___ Material provided ___

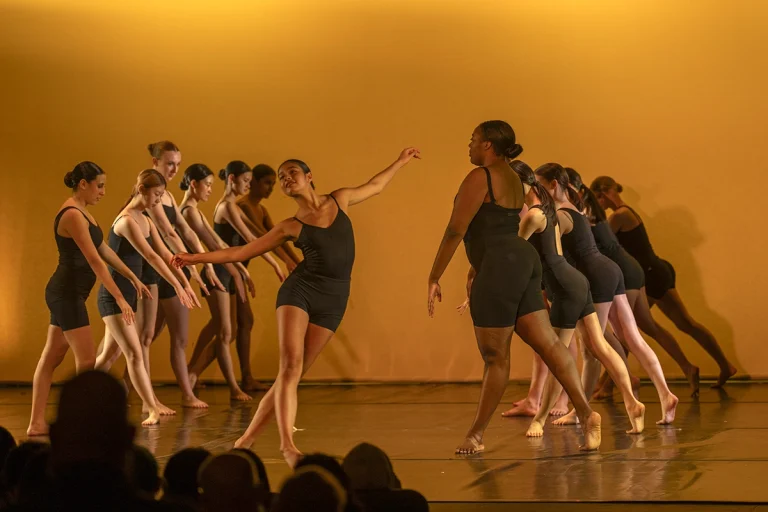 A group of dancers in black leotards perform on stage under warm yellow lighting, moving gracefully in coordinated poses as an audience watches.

___
___ Material provided ___

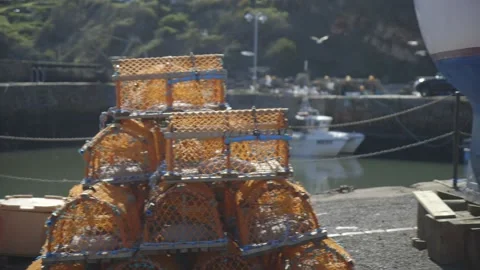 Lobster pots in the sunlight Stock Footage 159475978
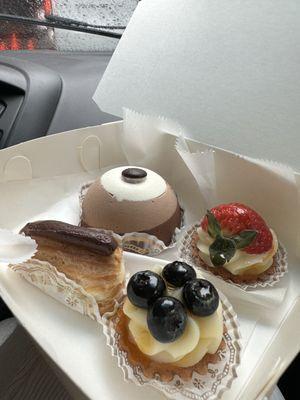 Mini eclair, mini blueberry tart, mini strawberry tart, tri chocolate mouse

___

Only the lines between the one with "Lobster pots in" and the one with "Mini eclair, mini", those two included, get copied from the material above. Keep it exact and free of pictures.

▸ **Solved exercise**:
 Lobster pots in the sunlight Stock Footage 159475978
 Mini eclair, mini blueberry tart, mini strawberry tart, tri chocolate mouse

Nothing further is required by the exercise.